- [Description of the task]: Print the records below exactly, starting at the first line and stopping after the line that contains "Hex color #98b4d6 - light grey blue". Leave out any pictures.

(Data extracted from a collection)
[Start of section]

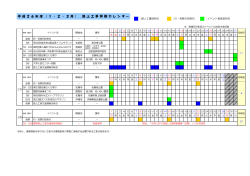 平成26年度（1・2・3月） 路上工事抑制カレンダー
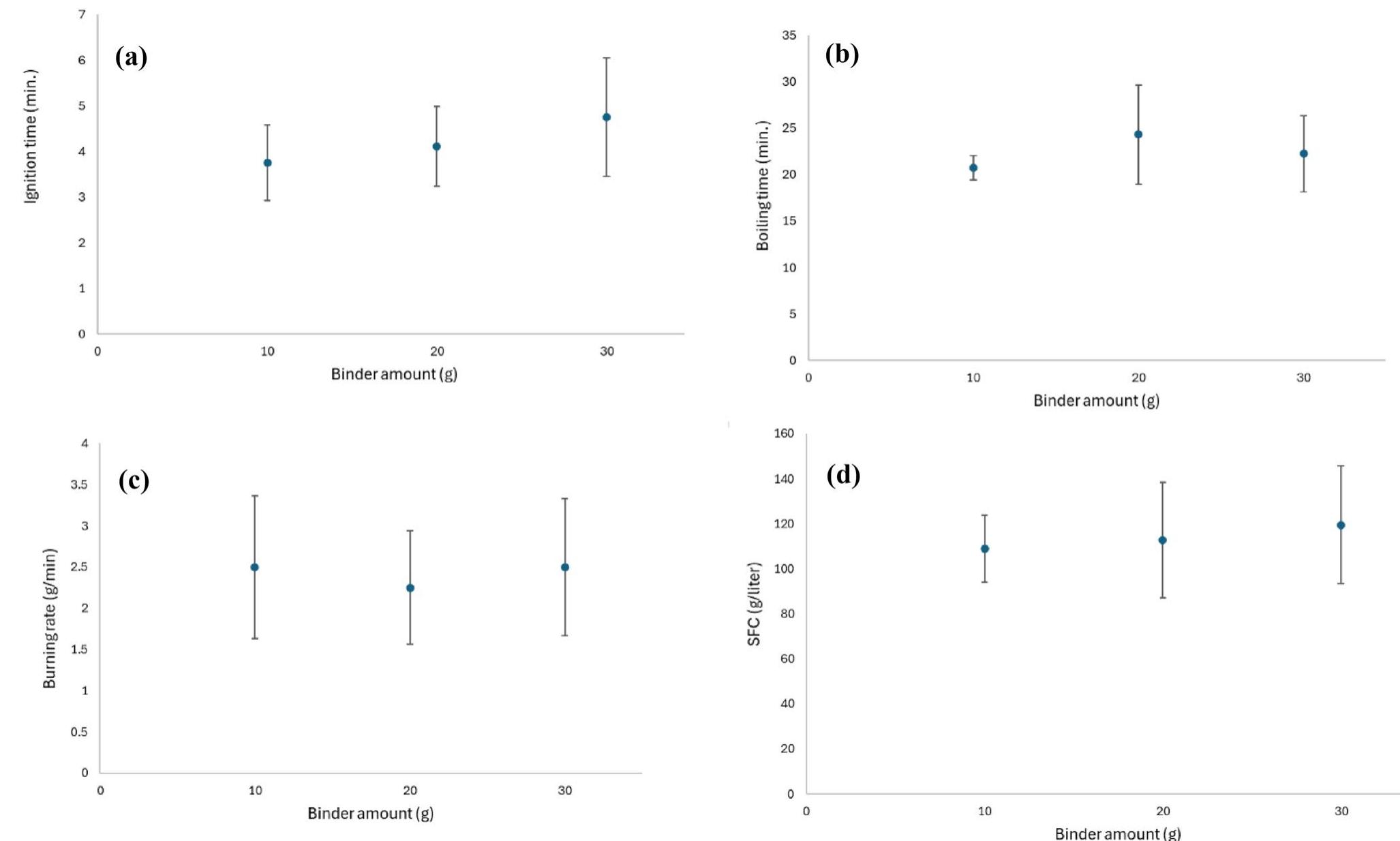 Fig.8 Effect of jackfruit waste binder amount on ignition time (a), boiling time (b), boiling rate (¢), and specific fuel consumption (d) for the developed composite briquettes 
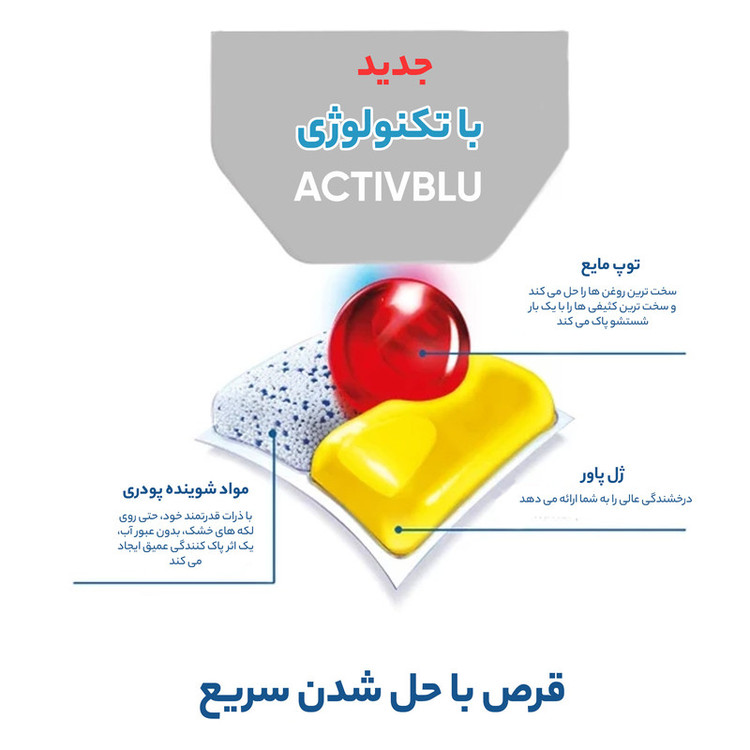 قرص ماشین ظرفشویی فینیش مدل Quantum Max Hepsi 1 Arada بسته 22 عددی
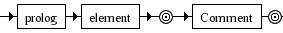 Diagrama Sintático - Diagrama de Sintaxe XML xml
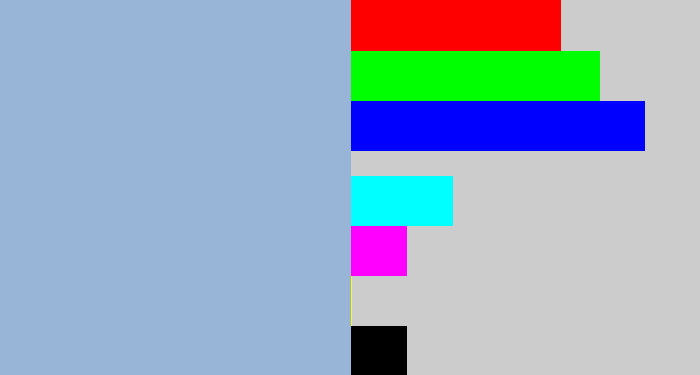 Hex color #98b4d6 - light grey blue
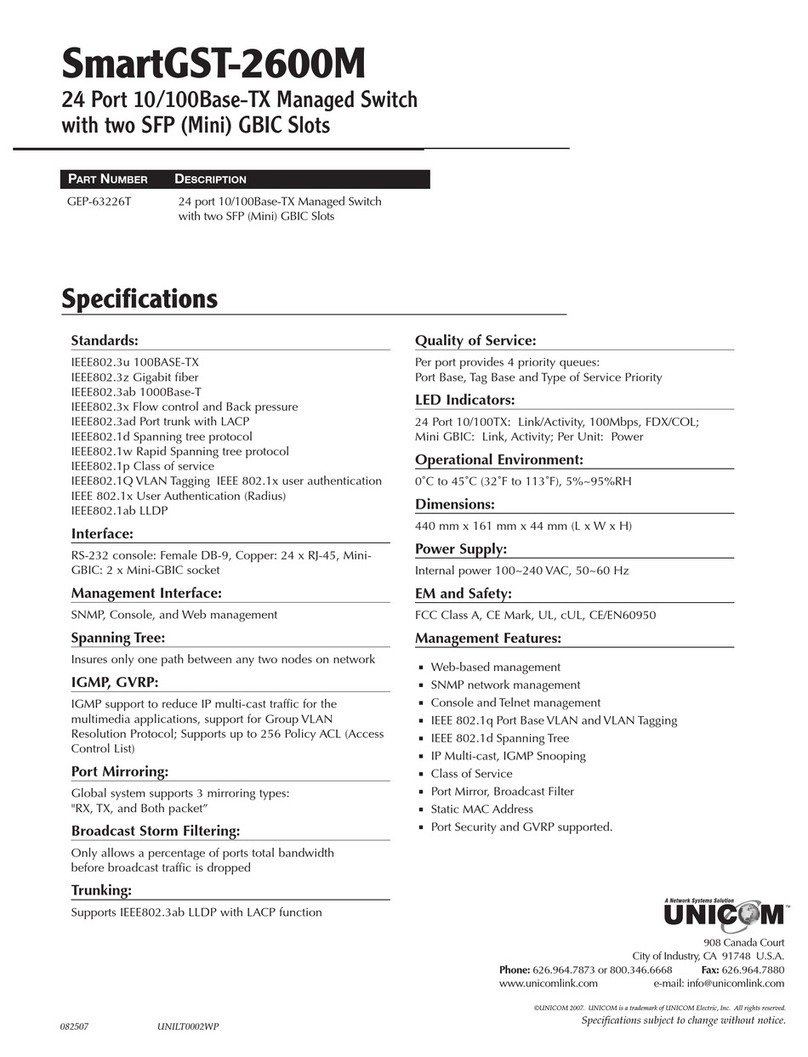 Uni-Com SmartGST-2600M User manual Uni-Com SmartGST-2600M User manual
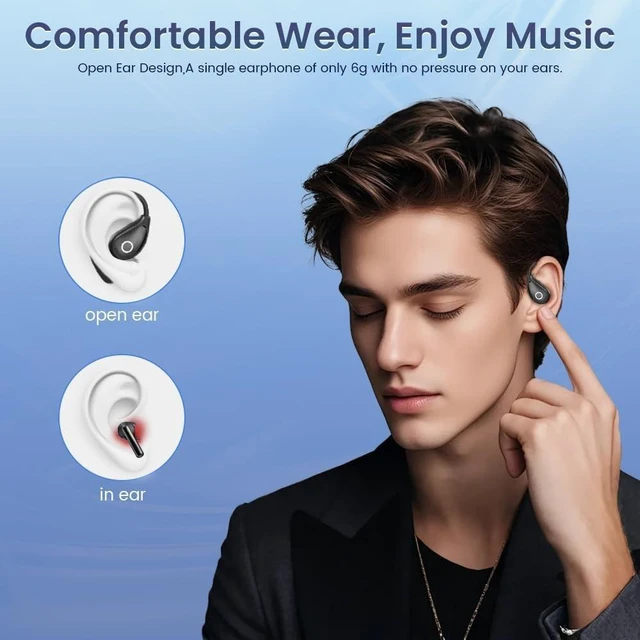 Alt view image 3 of 5 - CGWSHZGD Open Ear Bluetooth 5.4 Wireless Earbuds, 72H Playtime with Secure Fit Ear Hooks, IPX7 Waterproof, ENC Noise Cancelling Mic, Touch Controls for Running & Workouts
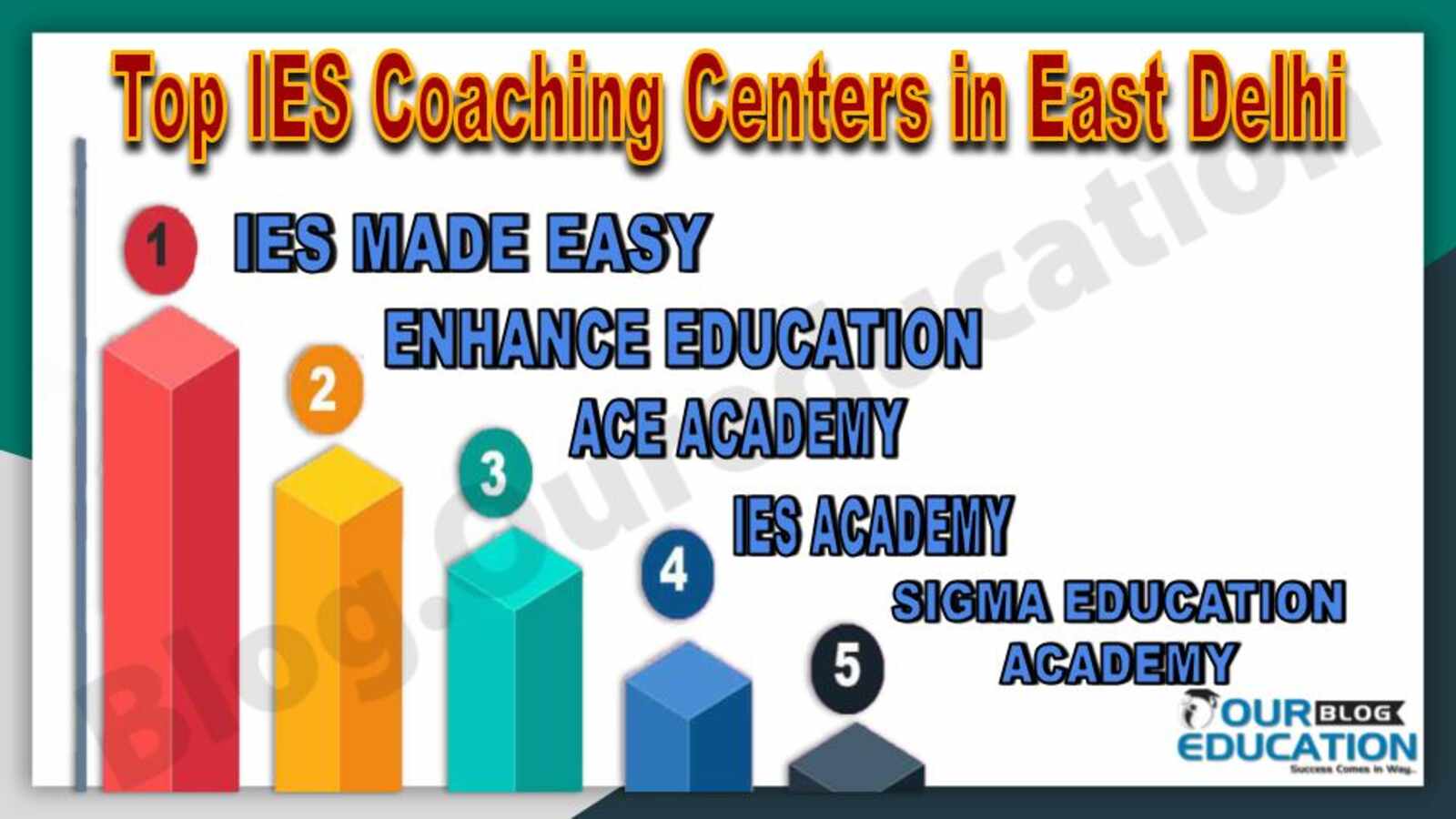 Top IES Coaching Centers in East Delhi
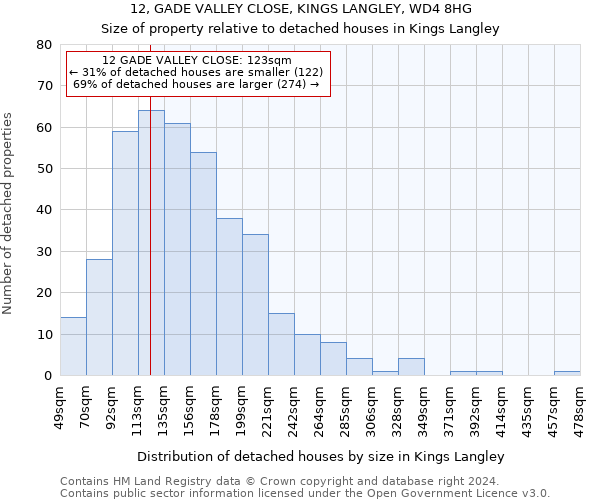 12, GADE VALLEY CLOSE, KINGS LANGLEY, WD4 8HG: Size of property relative to detached houses in Kings Langley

[End of section]

- [Answer to the problem]:
 平成26年度（1・2・3月） 路上工事抑制カレンダー
 Fig.8 Effect of jackfruit waste binder amount on ignition time (a), boiling time (b), boiling rate (¢), and specific fuel consumption (d) for the developed composite briquettes 
 قرص ماشین ظرفشویی فینیش مدل Quantum Max Hepsi 1 Arada بسته 22 عددی
 Diagrama Sintático - Diagrama de Sintaxe XML xml
 Hex color #98b4d6 - light grey blue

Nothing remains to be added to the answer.